Het gaat hier zeer waarschijnlijk om stromijten of korenmijt. Gerst, haver en rogge werd voor 1970 veel verbouwd.
de oogsttijd ook genoemd d'n bouw was van begin augustus tot half augustus.
Als het koren rijp was werd een begin gemaakt met de zicht en pik er werd dus met de hand een strook gemaaid zodat de zelfbinder er langs kon. Deze bossen werden met de hand gebonden er werd een wis van de bos gepakt en er in de midden omheen gebonden.

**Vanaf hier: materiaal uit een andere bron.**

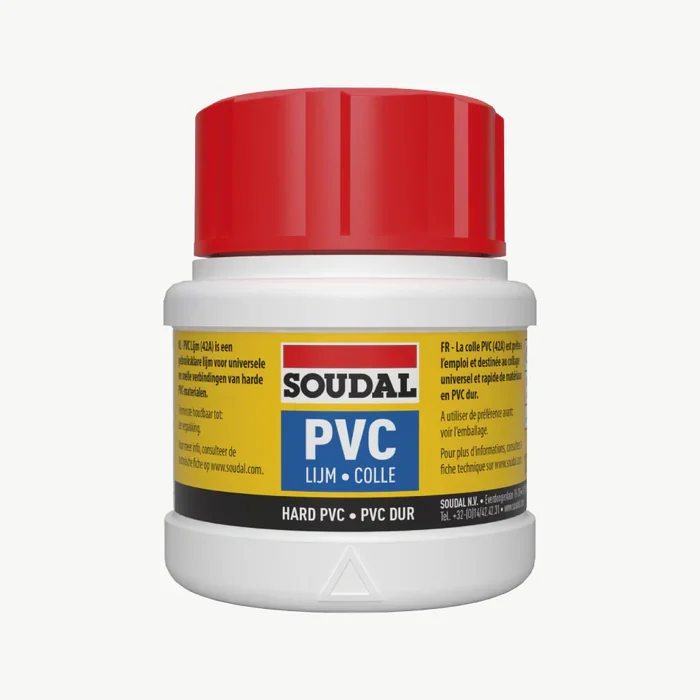 Cola PVC sem THF com pincel Soudal 100ml - Image 2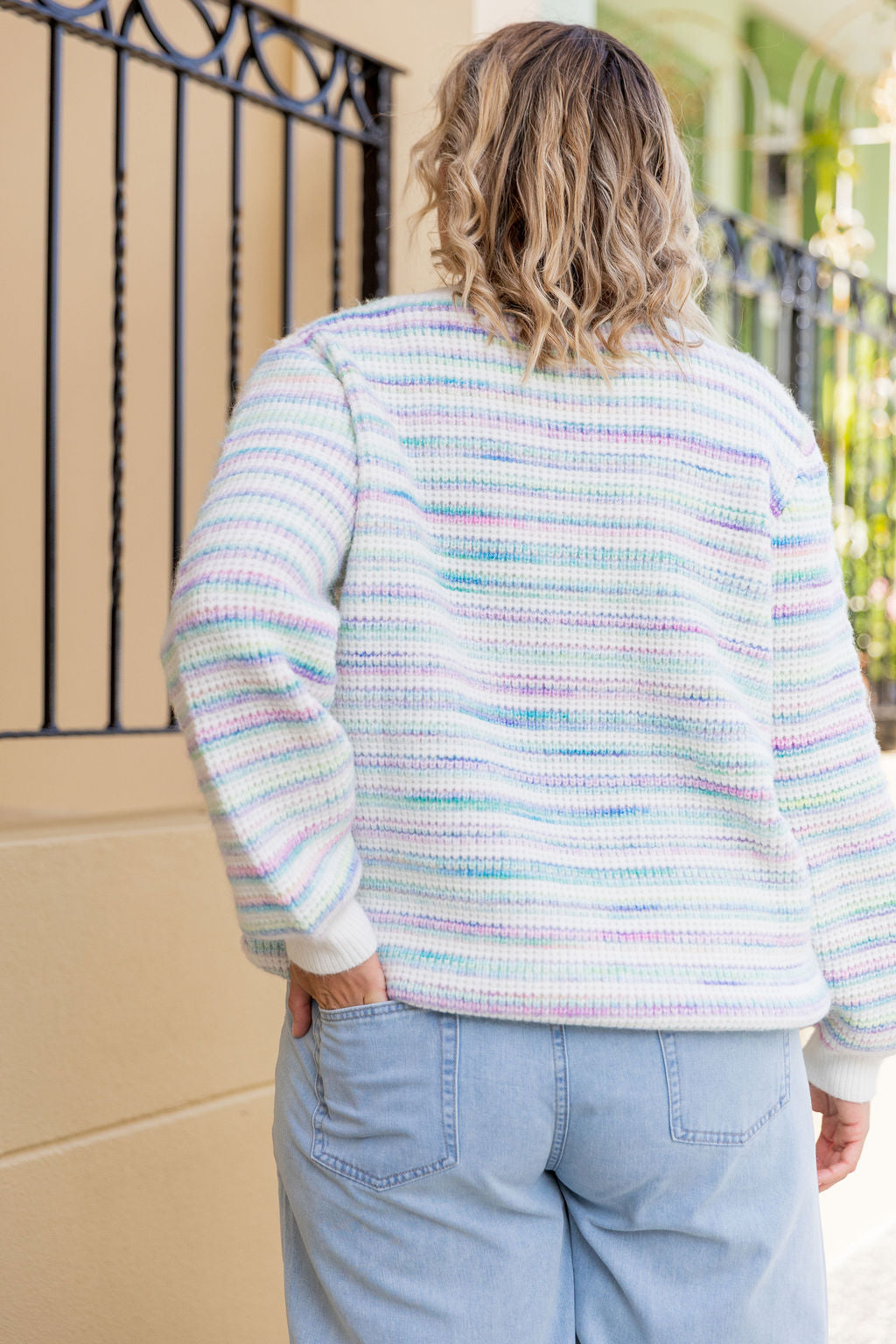 Madrid Knit in Pastel Stripes Mix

Dan kon de zelfbinder er langs en werd het hele stuk gemaaid, de bossen ofwel gerven genoemd werden bij elkaar gezet in gasten, een stuk of 8 gerven bij elkaar. Als dit nog een paar dagen gedroogd had werd het naar het kopeinde gereden waar er een mijt van gebouwd werd. Dit was een hele kunst, lang niet iedereen kon dit goed en menige mijt moest dan ook gestut worden met palen om te voorkomen dat hij omviel. In de winter liefst bij licht vriezend weer kwam de loonwerker met een dorsmolen en dan werden de mijten een voor een gedorst. Het graan ging in zakken naar de graanhandel of werd gemalen tot veevoer en het stro ging in pakjes of het ging door een strobinder die er weer bossen van maakte (roggestro) dit werd gebruikt om o.a. aardappelkuilen mee af te dekken. Na 1970 werd bijna alle koren met de combine gemaaid.